On Aug. 30, the Ninth U.S. Circuit Court of Appeals held that a liability insurer had a duty to defend its insured against two letters from the Environmental Protection Agency (EPA) under Oregon law. The EPA letters notified the insured of its potential liability under the Comprehensive Environmental Response, Compensation, and Liability Act (CERCLA). The court found that these letters qualified as “suits” within the meaning of the at-issue liability policies.
In Anderson Brothers, Inc. v. St. Paul Fire and Marine Ins. Co., et al., Anderson owned and leased certain properties falling within the boundaries of the Portland Harbor Superfund Site. Anderson received two letters from the EPA notifying Anderson of its potential liability under CERCLA for environmental contamination of the site.
The first letter, sent in January 2008, issued by the EPA pursuant to §104(e) of CERCLA, required Anderson to respond to a questionnaire about Anderson’s operations at the properties. The 104(e) letter advised that while the EPA was seeking Anderson’s voluntary cooperation, compliance with the request was required by law and failure to respond could result in an enforcement action and civil penalties of $32,500 per day for noncompliance.
Anderson tendered the 104(e) letter to its commercial general liability insurer, St. Paul. St. Paul declined to defend on the basis that pursuant to the terms of the policies issued to Anderson, St. Paul was obligated to defend only “suits” and the EPA letter was not a “suit.”
In November 2009, Anderson received a second letter from the EPA titled “General Notice Letter for the Portland Harbor Fund Site,” in which the EPA explained that under CERCLA, parties identified as “potentially responsible parties” (PRPs) may be required to clean up environmental contamination, reimburse the EPA for cleanup costs, and pay damages for contamination. The EPA identified Anderson and a company it formerly owned as PRPs with respect to the site.

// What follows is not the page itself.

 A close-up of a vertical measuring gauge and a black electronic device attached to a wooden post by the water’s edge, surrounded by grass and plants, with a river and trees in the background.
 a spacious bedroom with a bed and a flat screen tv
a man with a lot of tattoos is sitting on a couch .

The notice letter enclosed a list of other PRPs for the site and encouraged Anderson to communicate with a “Convening Group” in which the PRPs “work together” to allocate cleanup costs and “prepare for future negotiations with the EPA for performance of the cleanup and reimbursement of response costs.” The EPA also advised that by participating in the Convening Group, Anderson would “avoid litigation and significant transaction costs.”
Anderson tendered the notice letter to St. Paul again seeking a defense. St. Paul declined based on the lack of a “suit” within the meaning of its policies.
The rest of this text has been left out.